Up to 1,500 people may be interrogated in different countries as part of the criminal case on crimes against humanity in Belarus, which is being investigated in Poland under the mechanism of universal jurisdiction, Polish lawyer Tomasz Wilinski told BPN.

The investigation is being conducted by the Polish Prosecutor's Office in Lublin, the lawyer said.

Now Tomas Vilinski filed a statement on behalf of 10 victims.

In addition to them, 30 more people in Poland are planning to testify at the moment.

The victims can be interrogated not only in Poland, but also in other EU countries, the USA and Canada, Vilinski added.

On March 24, Paval Latushka, the head of the People's Anti-Crisis Administration, testified as a victim in the case.

This is the first known testimony in Poland.

Also, among the Belarusian politicians who are involved in the case as victims, Tomas Vilinski mentioned Svetlana Tikhanovskaya, Valery and Veronika Tsapkalou.
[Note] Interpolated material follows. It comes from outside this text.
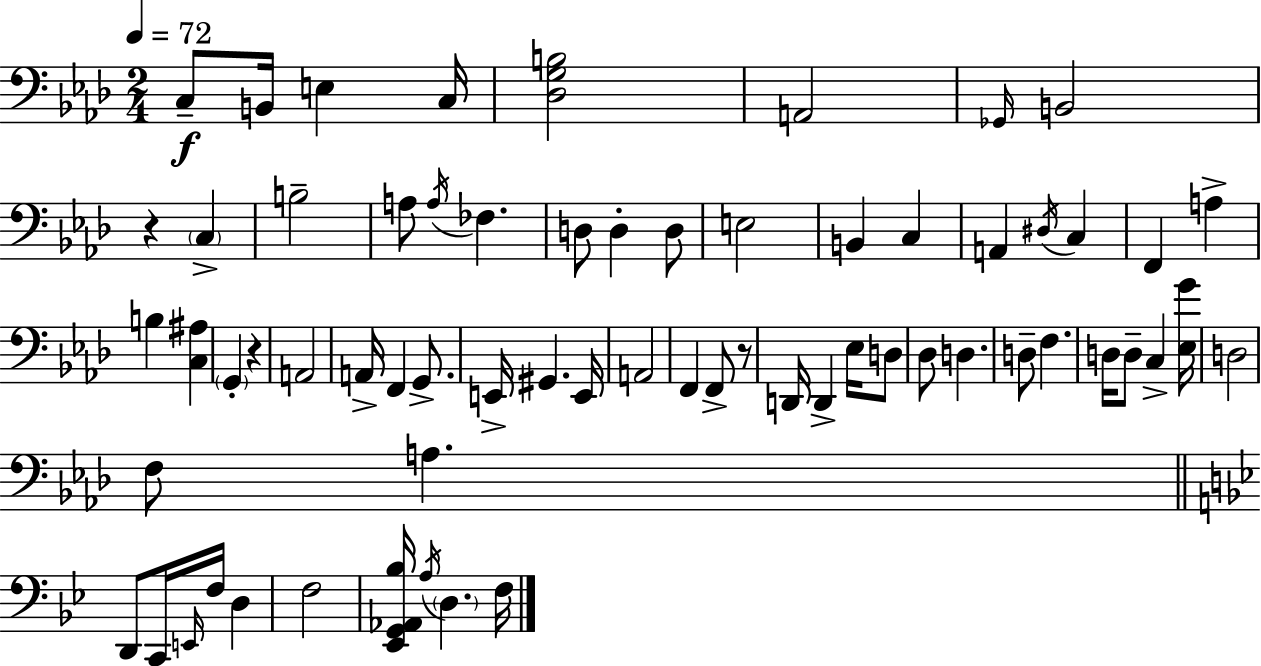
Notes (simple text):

C3/e B2/s E3/q C3/s [Db3,G3,B3]/h A2/h Gb2/s B2/h R/q C3/q B3/h A3/e A3/s FES3/q. D3/e D3/q D3/e E3/h B2/q C3/q A2/q D#3/s C3/q F2/q A3/q B3/q [C3,A#3]/q G2/q R/q A2/h A2/s F2/q G2/e. E2/s G#2/q. E2/s A2/h F2/q F2/e R/e D2/s D2/q Eb3/s D3/e Db3/e D3/q. D3/e F3/q. D3/s D3/e C3/q [Eb3,G4]/s D3/h F3/e A3/q. D2/e C2/s E2/s F3/s D3/q F3/h [Eb2,G2,Ab2,Bb3]/s A3/s D3/q. F3/s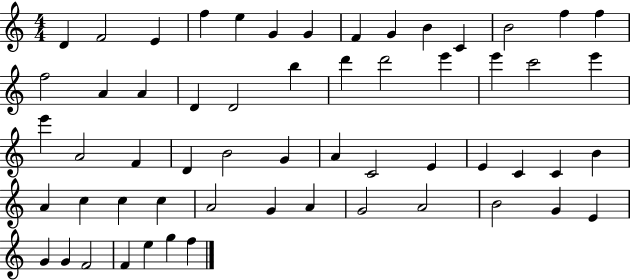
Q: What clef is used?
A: treble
The lawyer noted that the case was opened under a number of articles of the Criminal Code of Poland, including articles related to international crimes: violence against protesters, forced displacement (the case of the attempt to extradite the current police prisoner Maria Kalesnikova abroad).

Also in Poland, the episodes of the migration crisis on the border with the European Union are being investigated, the lawyer said.

He also plans to send to the prosecutor's office additional materials related to events after December 2021, which relate to the complicity of the Belarusian authorities in the war against Ukraine.

  • Several criminal cases have already been opened in Poland "in connection with the crimes of [Alexander] Lukashenka's regime" after the 2020 presidential elections, Olga Dobravolskaya, director of the legal aid department of the Belarusian Solidarity Center, told journalists in October 2022.

  • In December 2021, Tomas Vilinski sent a statement to the National Prosecutor's Office of Poland about suspicion of genocide and crimes against humanity committed by representatives of the Belarusian government.

  • In January 2022, he filed a statement on behalf of "a large number of citizens of Belarus" against Alexander Lukashenko and Belarusian officials to the International Criminal Court in The Hague.

    The document contains 160 pages of legal reasoning and 40,000 pages in the appendix.

  • On October 4, 2022, Paval Latushka reported that a criminal case had been opened in Lithuania against a Belarusian judge who makes politically motivated sentences.